ImageA few years back, someone posted a video on Facebook of folks dancing at the Queen Mary Art Deco Festival, and among the dancers were two women dancing together. One of the commenters, with the best of intentions, posted something about the women "embracing their sexuality". The commenter was answered by someone who had attended my lecture where I had pointed out that women dancing with women was very common in the Jazz Age, and that one shouldn't infer too much from that. The second commenter was particularly correct in that the two women in question were mother and daughter, and there was no sexuality-embracing going on there at all.

This does however, highlight how our views and assumptions have changed. We live today in a world that jumps to a sexually based inference as something of a default. While the people of the Jazz Age were far from innocent, there was a certain innocence in their tendency to not assume a sexual element when people danced with each other.

This applies equally to opposite and same gender dancing. The dance holds of the Jazz Age were very close. They were body-to-body, and the open frame stance of today was completely out of fashion. In this hold, which we today generally see only in "Blues" dancing, Argentine Tango and High School slow dances, men and women routinely danced with multiple partners: spouses, lovers, friends and strangers - and seemed to take in stride a level of physical intimacy that many people today find a bit uncomfortable. Further, the social mores of the time held that it was tedious and unsociable for couples to dance exclusively with one another, so it was generally accepted that this intimate hold would be practiced rather promiscuously within one's social circle.

This isn't to say that all Jazz Age dancing was innocent and chaste. There was an unambiguous sexual element in some of the dancing of the time, but the people of the time were clearly attuned to nuance and context, and did not automatically see things like dancing close or same-sex dancing in a simple black-and-white way.

I should mention that there were plenty of Lesbian and "Pansy" bars and clubs in Europe and the Americas in the Jazz Age, with varying degrees of openness or secretiveness depending on the level of tolerance in their area, and in such places same-sex dancing was, of course, the norm. This post however is not about "Gay Culture" in the Jazz Age, it's about what the non-gays were up to.

This was an era of near universal dancing. The percentage of the population who danced was huge as compared to today, and most men regarded dancing as an essential social skill. Never the less, it appears that the supply of men willing to dance was frequently not up to the demand of women wanting to dance, and the women of the time thought nothing of filling that gap by dancing with each other.

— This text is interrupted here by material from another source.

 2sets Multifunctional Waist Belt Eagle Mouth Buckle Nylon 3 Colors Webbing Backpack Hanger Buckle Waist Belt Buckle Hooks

This was extremely common. When looking at the images and film from the era, you generally don't have to look far to see two women dancing together.

Men dancing with men was not nearly as common.

For the most part, it appears that men did not dance with other men when there were women to be danced with. However, in a context where women were not to be had, such as on shipboard, men dancing together was no big deal, though the photos I have seen of it often have a joking quality that suggests a certain level of self-consciousness and discomfort. In fact, it appears that up through World War One, the Navy's old requirement that the sailors dance for an hour each day for exercise was still in force, though the sailors of 1918 had never learned the Hornpipe that was assumed in the regulation, and so danced the Foxtrot and the Tango with their shipmates.

I have posted an album of a few dozen images, photos and artworks, showing same sex dancing. (go to the album)

These fall into a few basic categories:

1. Women dancing together in a routine social context (a dance, a bar etc.), usually on the same floor as mixed-gender couples.
2. Men dancing with men in a women-free environment.
3. Women dancing together in a salacious or suggestive context - women dancing the Tango together seemed to be a particular favorite for titillating a male audience. This also includes gender-bending couples with women in drag.
4. Argentinian men dancing Tango together. This appears to have been a "thing".

Which brings me back to my point about context. Clearly there was a sexualized context for images of women dancing with women; but there was also a routine, non-sexualized, no-big-deal context within the social dancing scene. And, when women danced together, they unself-consciously danced in the same way they would have done with a man.

To finish, here's a film taken at the 1939 New York World's Fair. There's much to be learned from this video about dancing in general, but one of the most striking things is how freely and easily women danced with each other.

And here's a dance on shipboard, from World War One, where the men outnumber the women.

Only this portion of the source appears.